Article Text
Abstract
Introduction Ongoing studies into the use of algorithms for the automated coding of job titles to the Canadian National Occupation Classification have performance accuracy which are at least equivalent to manual coding accuracy. Moreover automated coding provides significant time savings. These studies have identified that both natural language processing and machine learning algorithms are effective for auto coding. Whereas NLP based and machine learning approaches both rely on bespoke rules, and existing data sets, machine learning models can proliferate bias from training data if not corrected.
Objectives The goal of the study is to explore the impact of altering sex/gender ratios in training data sets on overall performance of the machine learning based prediction of NOC codes using patient provided job titles.
Methods Using data participant patient data provided by Atlantic PATH, training data sets were prepared for 100 4-digit NOC categories. The data sets were prepared with sex/gender ratios of 50/50 30/70, 70/30. The data sets were used to train ENENOC machine learning platform and tested on a set of manually coded job titles provided by Atlantic PATH CanPATH . Performance levels were contrasted for all 4-digit NOC categories used in the study.

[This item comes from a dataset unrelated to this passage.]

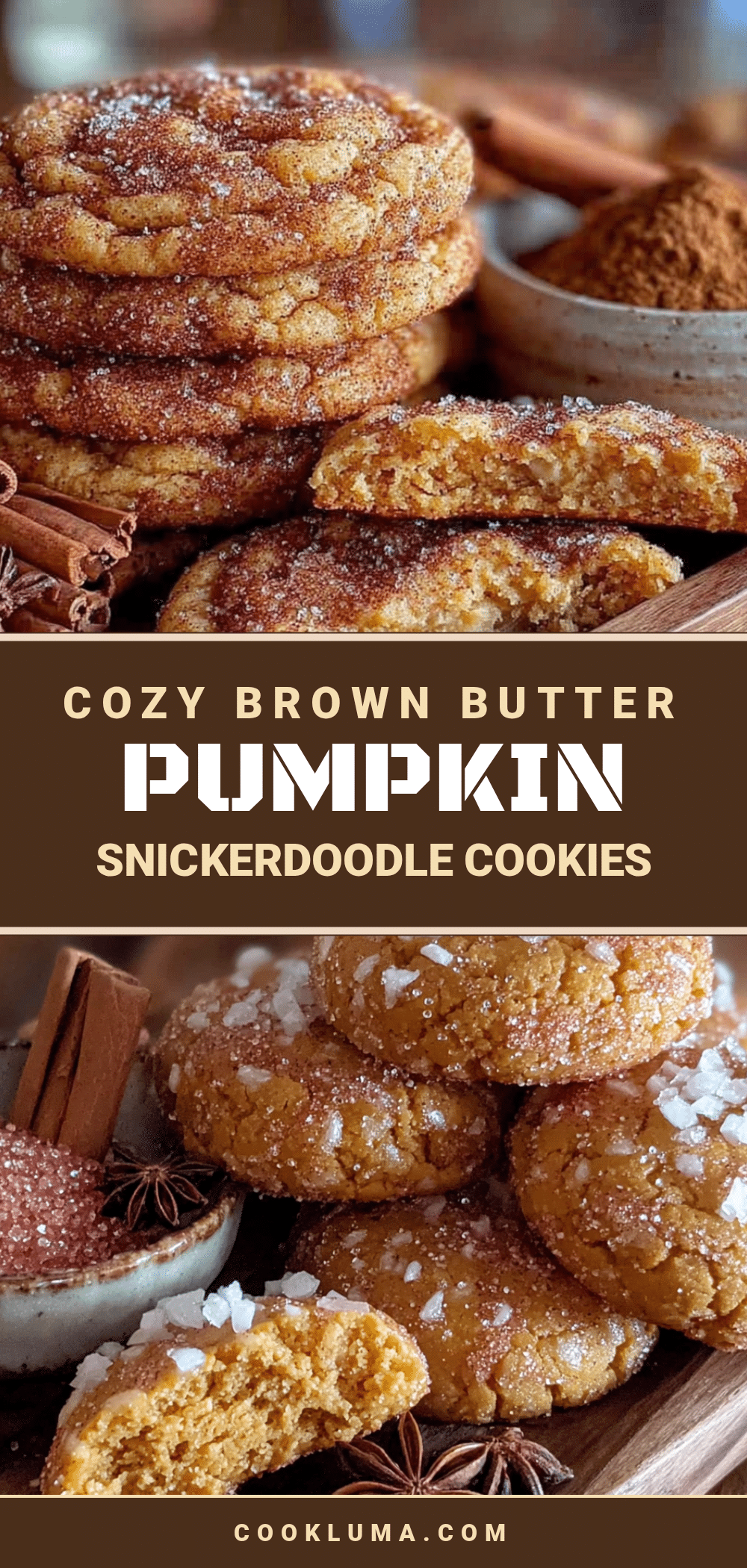brown butter pumpkin snickerdoodle cookies recipe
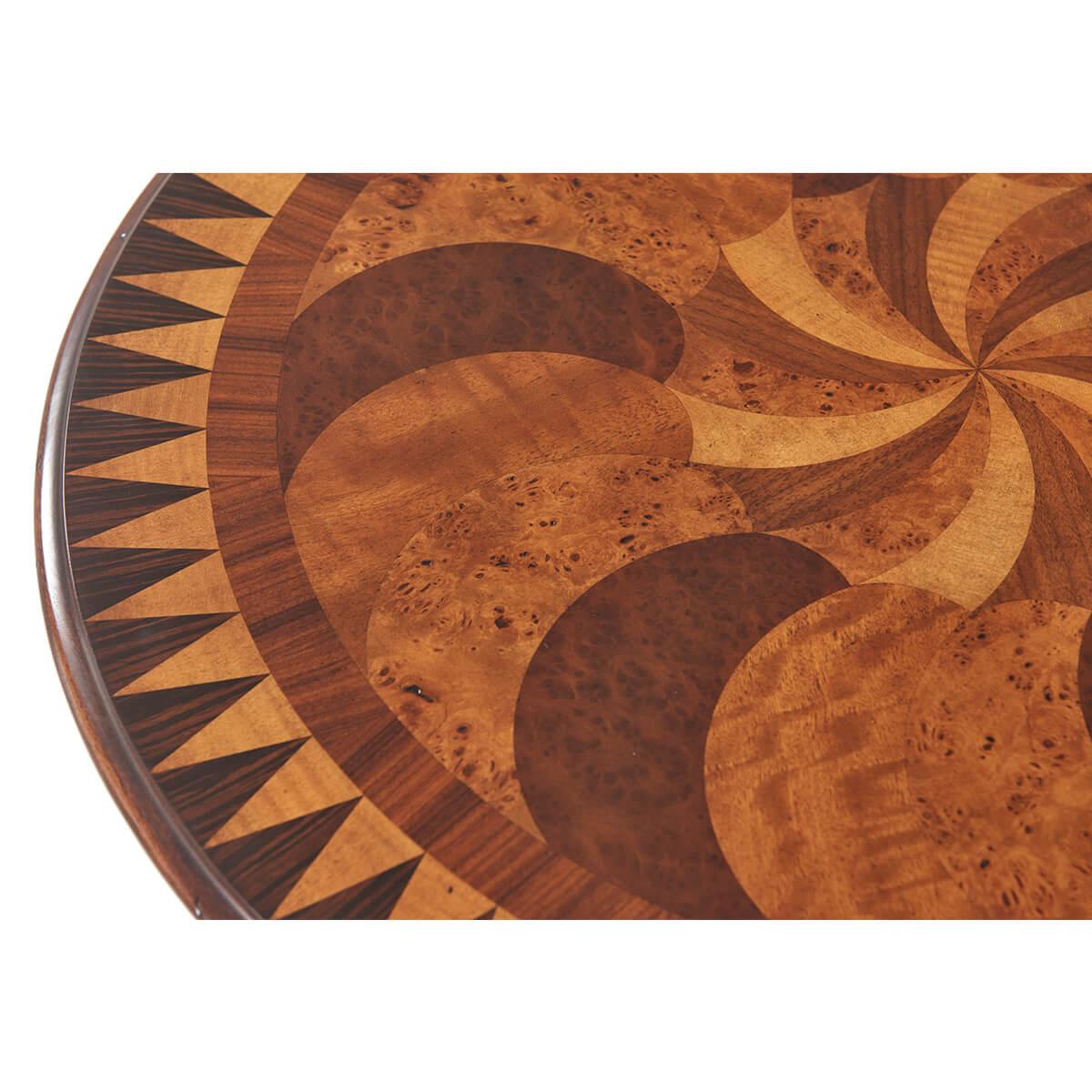 Contemporary Regency Style Inlaid Side Table For Sale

Results Initial results in this preliminary study have identified that sex and gender are variables that can influence auto coding performance, however the extent to which overall coding accuracy is impacted is relative minor. Further studies are required with larger training sets to fully explore the extent of sex and gender as contributing variables to bias to ENENOC.
Conclusion We initiated studies to investigate the impact of sex and gender bias on performance of the ENENOC algorithm. Together, the ENENOC contributed training and test sets provide a suitable framework for ongoing work in this area.